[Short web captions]
[Start of section]

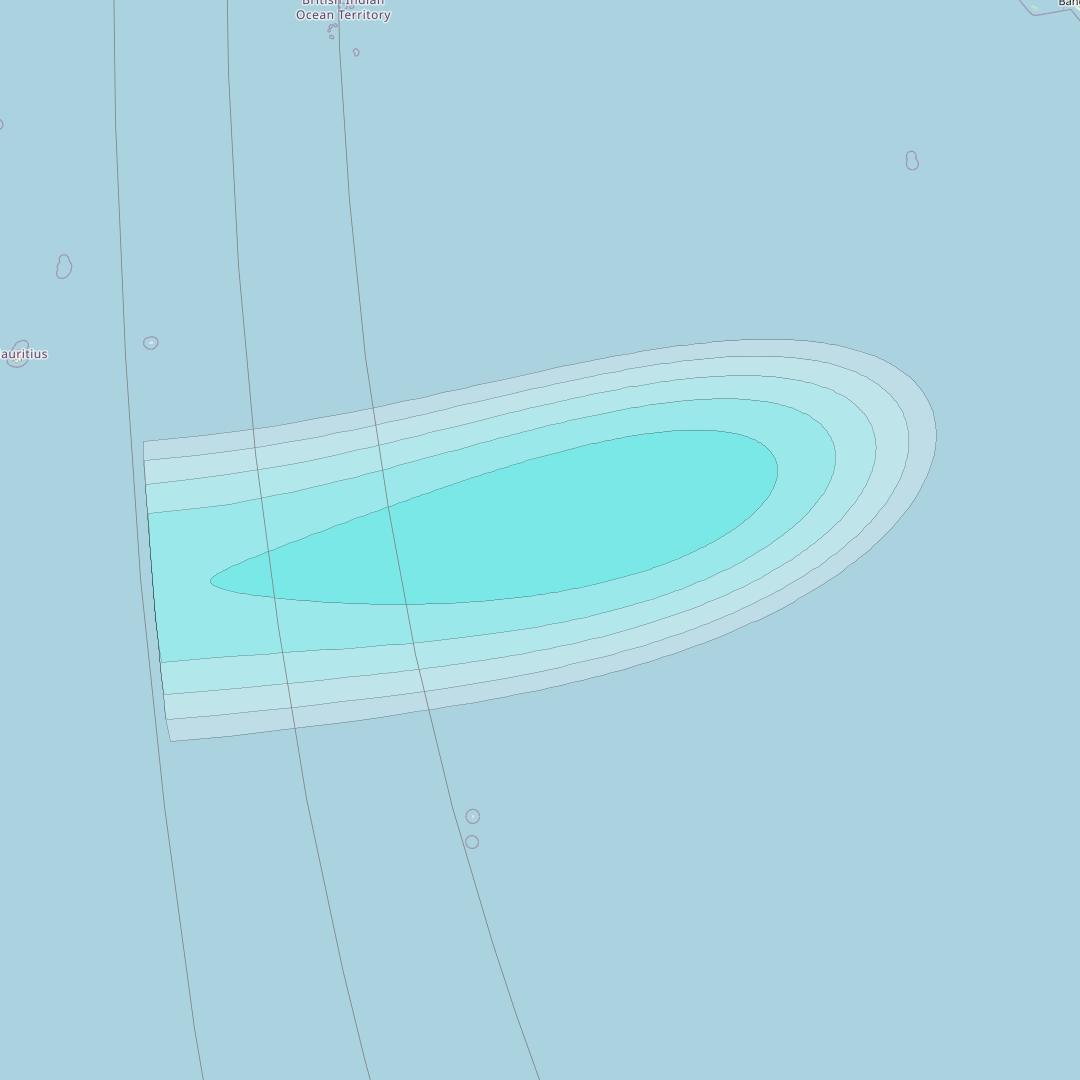Inmarsat-4F1 at 143° E downlink L-band S009 User Spot beam coverage map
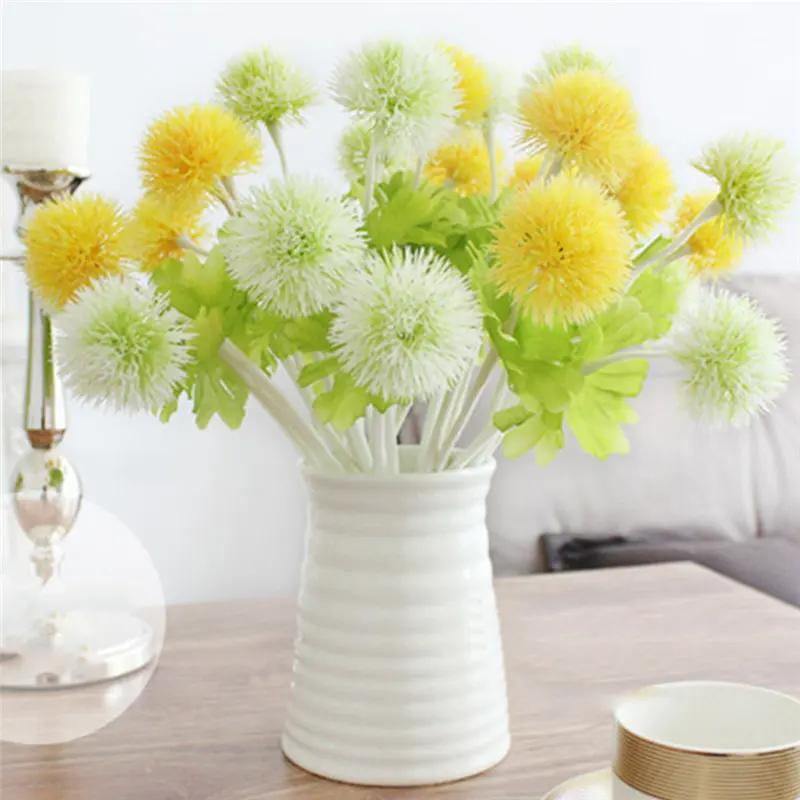 

Beautiful Exquisite Artificial Dandelion Flower 1 Head Grass Ball Home Garden Wedding Floral Decor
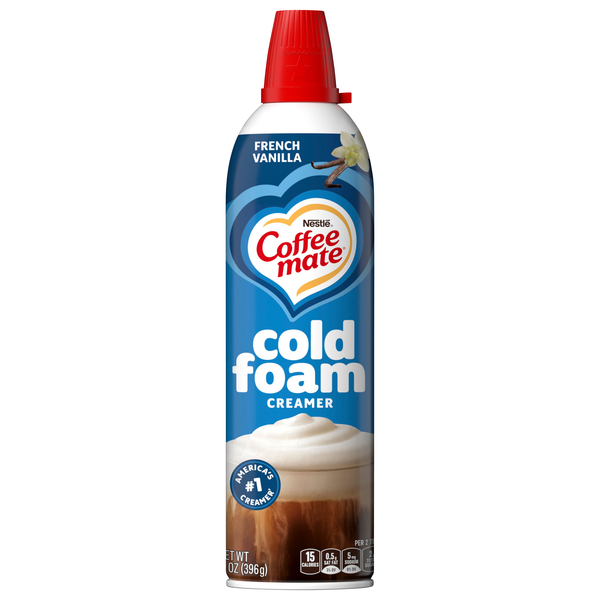 Coffee mate French Vanilla Cold Foam Coffee Creamer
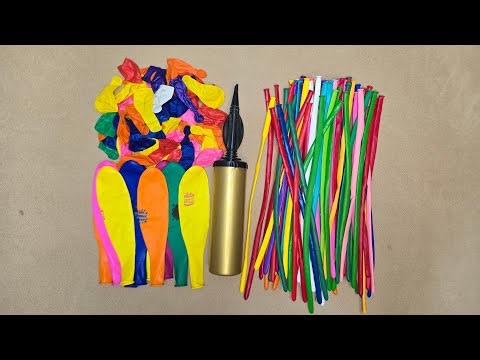 Satisfying ASMR Pops! Unlimited Colorful Modelling Balloon Completion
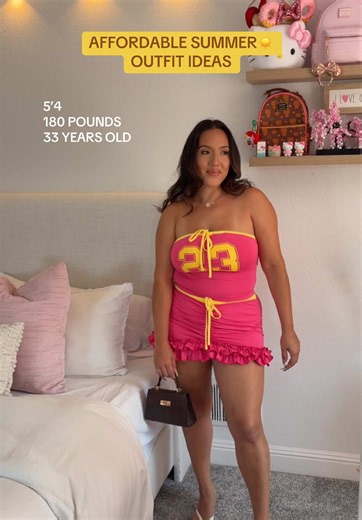@SHEIN @SHEIN US 🔍 SEARCH CODE: Y9D3K Summer OOTDs are officially here! ☀️ As a plus-size girl, I'm always looking for outfits that make me feel confident, comfortable, and cute and this haul did not disappoint! 💖 Search Y9D3K in the SHEIN app to bring back the 2000s vibe and make your curves glow! Download the SHEIN app and start your own rewind moment today with SHEIN Curve. ✨ Use my coupon code: 6USCURVEbrooktheshopaholic6216 🛍️ Product IDs: Pink & Yellow Set Store Name: Slaydiva CURVE 🆔 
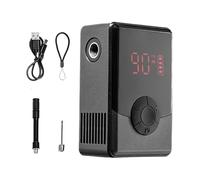 Bomba eléctrica para bicicleta, compresor inflador de neumáticos, dispositivo portátil inalámbrico de 3.15 x 2.05 x 1.38 pulgadas, diseño inteligente compacto, suministro de aire fiable para scooter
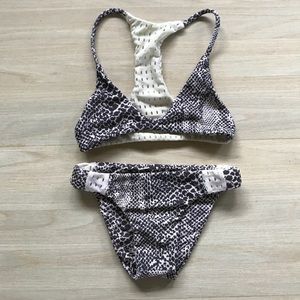 ACACIA Honey girls bikini sz L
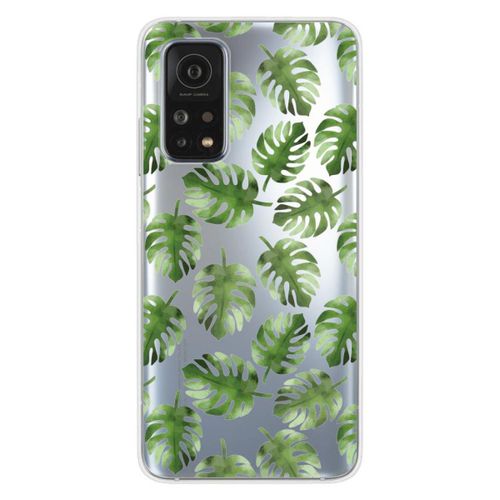 Coque En Silicone - Compatible Xiaomi Mi 10t, Xiaomi Mi 10t Pro - Design Feuilles De Monstera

[End of section]

Exercise brief.
Above are the records. Copy exactly, and only, the lines from the line containing "ACACIA Honey girls bikini sz L" through the last one, omitting any pictures.

Answer box.
 ACACIA Honey girls bikini sz L
 Coque En Silicone - Compatible Xiaomi Mi 10t, Xiaomi Mi 10t Pro - Design Feuilles De Monstera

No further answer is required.